Share it with your network!
Help your friends to new knowledge
Here's a snapshot from a few of you: We all want to digitalise, but all we get is another set of huge IT projects. We want to automate, but our people are still manually searching and copy-pasting data back and forth for each important decision. We want to analyse, and we now have a large staff of very highly-paid data scientists with some great proofs of concept, but who are yet to make a real and significant impact on the day-to-day business.
Does that ring a bell? Do you, perhaps, find yourself silently nodding wisely while reflecting that, if 2019 is to be different, then most likely something needs to be done differently?
(If, on the other hand, you honestly believe that all your challenges are behind you: good for you. I genuinely salute you. I'd love to hear more from you. Lunch is on me, for sure.)
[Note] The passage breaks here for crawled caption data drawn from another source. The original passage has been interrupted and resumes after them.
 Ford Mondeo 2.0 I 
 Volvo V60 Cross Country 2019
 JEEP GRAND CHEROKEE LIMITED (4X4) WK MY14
Still here? If you care to read on, here is an idea. This is not theory, but a distilled – and quite hard-earned – learning from my team's three years of intense transformation at Dun & Bradstreet. It may or may not be a silver bullet. But for us it was close to one, and one that actually worked. Maybe it could help your team too?
It goes without saying that this all hinges on how relevant Dun & Bradstreet's transformation is to your own. You may not know us, or if you do, you may only know us from a few years ago. But does one or more of the following sound familiar to your own situation?
How about coming from a background of many different companies, not really integrating for a long while, but now truly merging into one? How about a fragmented, complex, legacy tech-base with every conceivable technology from the 70's, 80's and 90's? How about rising customer demands tinged with the perception that, while you may be necessary, you are "somewhat old and slow" vs. promising new challengers?
Having had the benefit of working with some 60 different financial institutions over the last 15 years – from global giants, to Nordic leaders, to rising challengers – it seems like quite a few of you may share some of this context – at least when it comes to transforming.
One thing that we don't share, however, is the bottom line margin. You guys are doing well. Three years ago, we were not – neither financially, nor in terms of progress. It was the toughest of times. Sometimes though, necessity is truly the mother of invention – and a strengthener of resolve. Three years on both financials and transformation are a world apart. We are not finished yet, but progress is good and the future is bright.
Our two-steps-forward-one-step-backward path over the past few years starts in familiar territory.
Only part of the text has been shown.